The theatre strives to abolish the spectators’ privileged position over the performer, avoiding easy, merely voyeuristic, sympathy that often accompanies works depicting the lives of the disadvantaged. A four-sided arena layout, reflecting the symmetry of the four protagonists, creates an intensely intimate experience. The stage is not separated and the performance can take place around the audience. Scenes which are not meant to be visible (on playwright’s explicit instruction) can be hidden from sight, yet take place in close proximity. Evening performances will have the feeling of a gathering around a campfire.

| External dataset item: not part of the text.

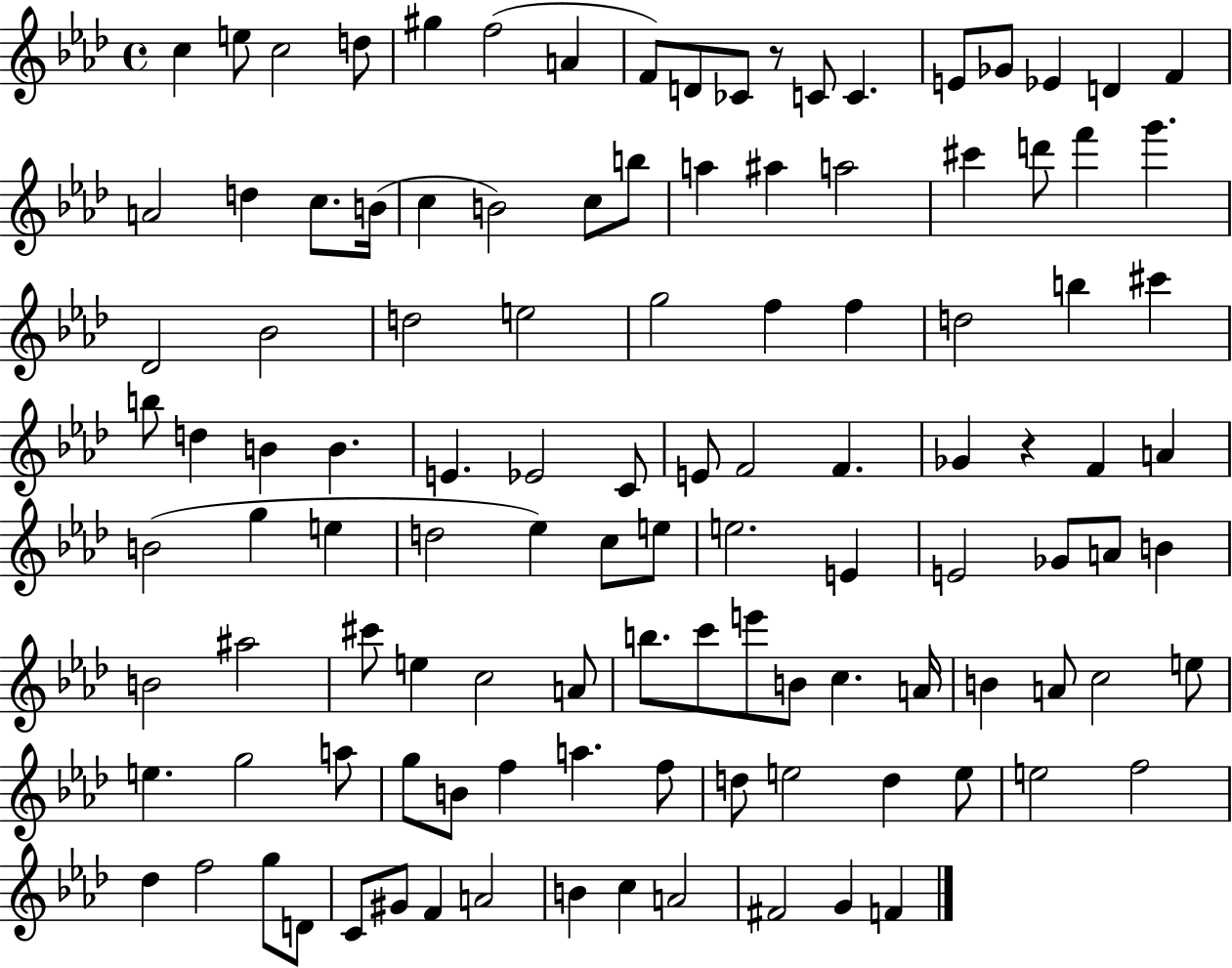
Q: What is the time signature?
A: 4/4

The location of the theatre on the water creates a sense of isolation and sacredness, but also of openness, and implicitly addresses all of Berlin into the performance. Simple, highly formal design using raw, low cost materials works in the spirit of Holzmarkt’s character, without fetishizing it, or producing architecture of spectacle.
Takeshita Concert Hall
The Takeshita House of Music is located between a centre of youth pop culture on Takeshita-Dori, the high-street shopping of Meiji-Dori (connecting Takeshita to Omotesando), and the traditional landscape of the Togo Shrine. This context presents an opportunity to create a place of exchange between these different worlds, attracting a wider range of audiences and performers, fluidly accommodating the contrasting identities of adjacent neighborhoods.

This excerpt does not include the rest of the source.